-------- INPUT MATERIAL --------
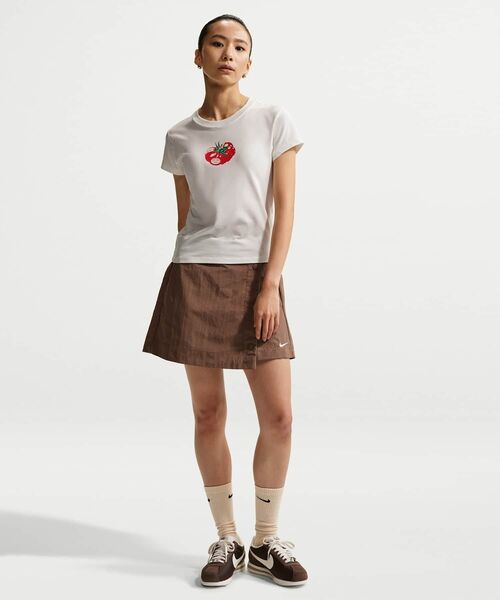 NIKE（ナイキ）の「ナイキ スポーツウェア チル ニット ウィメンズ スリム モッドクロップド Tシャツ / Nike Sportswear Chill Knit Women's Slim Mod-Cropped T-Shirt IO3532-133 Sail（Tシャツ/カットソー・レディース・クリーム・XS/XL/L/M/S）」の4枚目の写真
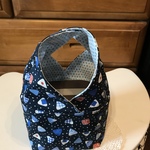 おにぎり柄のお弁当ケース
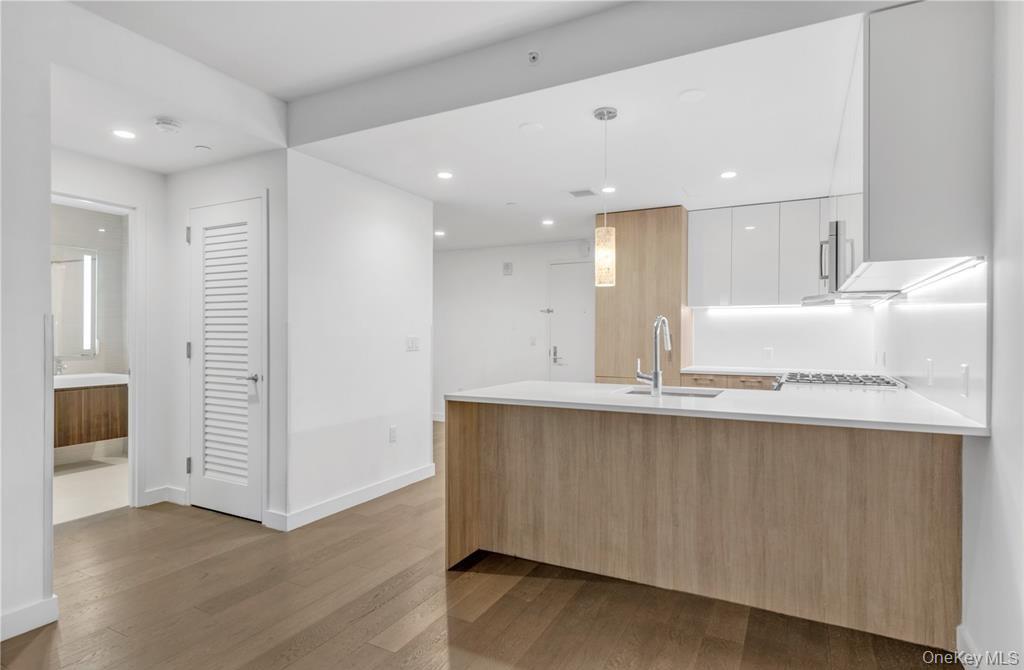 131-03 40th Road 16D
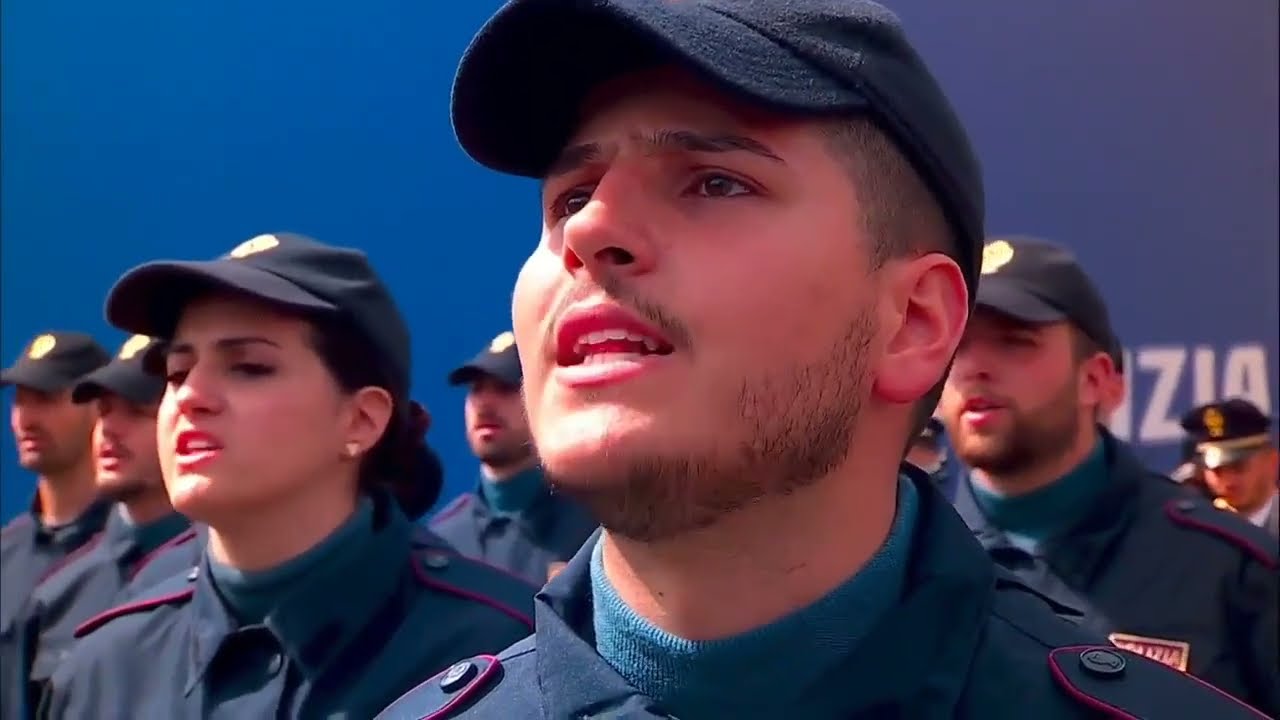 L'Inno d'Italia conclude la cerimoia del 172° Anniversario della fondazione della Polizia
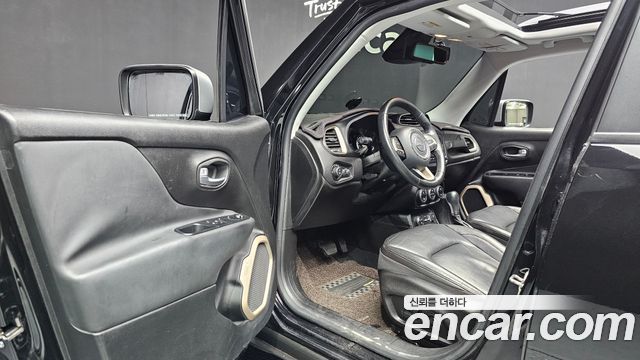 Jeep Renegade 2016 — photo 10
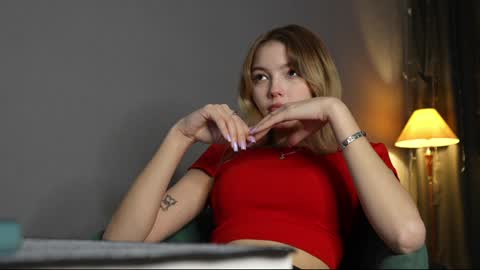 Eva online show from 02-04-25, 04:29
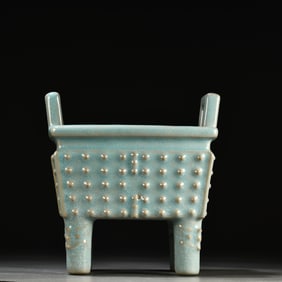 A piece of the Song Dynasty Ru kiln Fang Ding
--------
Begin at the line containing "おにぎり柄のお弁当ケース" and stop at the last line of the data. Repeat only those lines, exactly, and leave out the pictures.

ANSWER TO THIS EXERCISE:
 おにぎり柄のお弁当ケース
 131-03 40th Road 16D
 L'Inno d'Italia conclude la cerimoia del 172° Anniversario della fondazione della Polizia
 Jeep Renegade 2016 — photo 10
 Eva online show from 02-04-25, 04:29
 A piece of the Song Dynasty Ru kiln Fang Ding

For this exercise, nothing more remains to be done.